A APL afirma que no seu plano estratégico "deu-se particular ênfase ao incremento do transporte fluvial, principalmente de carga contentorizada, através da criação de infra-estruturas fluviais para movimentação deste tipo de carga, incluídas nas plataformas logísticas em desenvolvimento com acesso ao Tejo". A APL diz que a navegação fluvial "poderá ter, como sucede com economias mais desenvolvidas, um importante papel como gerador de tráfego economicamente vantajoso, considerados os consumos e valores de poluição relativamente menores" por comparação com as opções rodoviárias. E entende que, dessa forma, se pode contribuir "para aliviar o congestionamento dos acessos à cidade".

O protocolo entre a Abertis, a APL e a Refer culminou, no final do ano passado, na entrega de um Estudo de Viabilidade Técnico-financeira e de Operação e Exploração para Implementação da Intermodalidade na PLLN. As conclusões já analisadas pelos três parceiros são favoráveis e a APL sabe que há empresas e operadores privados interessados.

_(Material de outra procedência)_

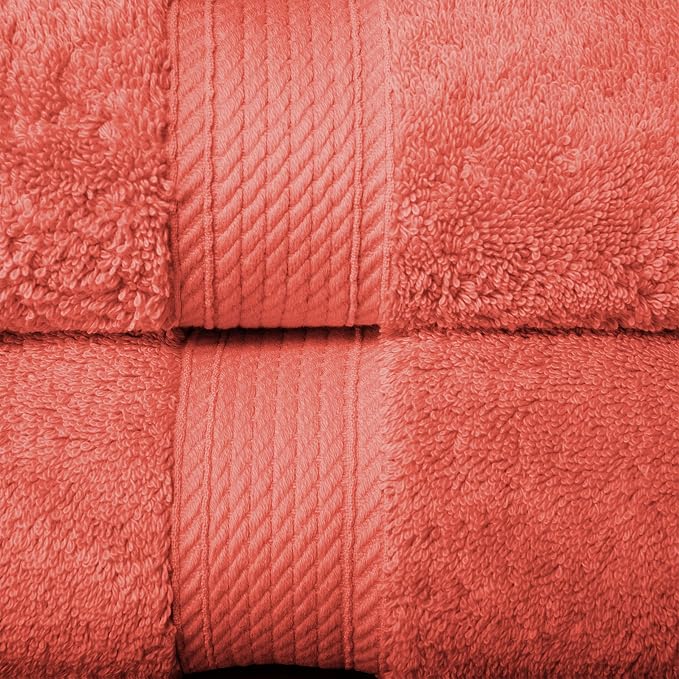 SUPERIOR Egyptian Cotton Ultra Plush & Absorbent, 10 Piece Set, Coral | Quick Dry, Soft Luxury Towel Set, Bath Essentials, Guest Bath, Spa, 2 Bath, 4 Hand, 4 Face Towels, Madeline Towels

Navegabilidade "assegurada"

Uma porta-voz da APL disse ao PÚBLICO que o porto de Lisboa está a avaliar "os diversos aspectos técnicos e de operação portuária, de forma a dinamizar a actividade de transporte fluvial entre os terminais do porto de Lisboa e a plataforma logística da Castanheira". A APL prevê que "brevemente possa ter início" o transporte de contentores por barcaça ao longo dos cerca de 40 quilómetros do Tejo que separam Lisboa de Castanheira, garantindo que "estão já asseguradas as condições de navegabilidade".

Já a Abertis assume que vê com grande expectativa esta possibilidade de alargamento da vocação da PLLN, mas julga que "não deve tecer comentários unilaterais sobre um processo ainda em fase de análise pelas entidades competentes".

Maria da Luz Rosinha, presidente da Câmara de Vila Franca, afirmou entretanto que tem conhecimento de uma empresa interessada em investir na construção e exploração de um porto fluvial em Castanheira. A autarca diz que já fez chegar a proposta à APL e que se realizou, recentemente, uma visita ao local previsto. "Estamos altamente interessados num projecto que venha a tirar milhares de viaturas pesadas que atravessam diariamente o concelho", sublinhou.

O Tejo, sobretudo entre as zonas de Abrantes e Lisboa, foi muito utilizado durante séculos para o transporte de mercadorias, mas essa actividade foi abandonada desde meados do século passado com a sobreposição das alternativas rodoviárias e ferroviárias. O aumento dos preços dos combustíveis contribui, agora, para que a opção fluvial seja cada vez mais atraente.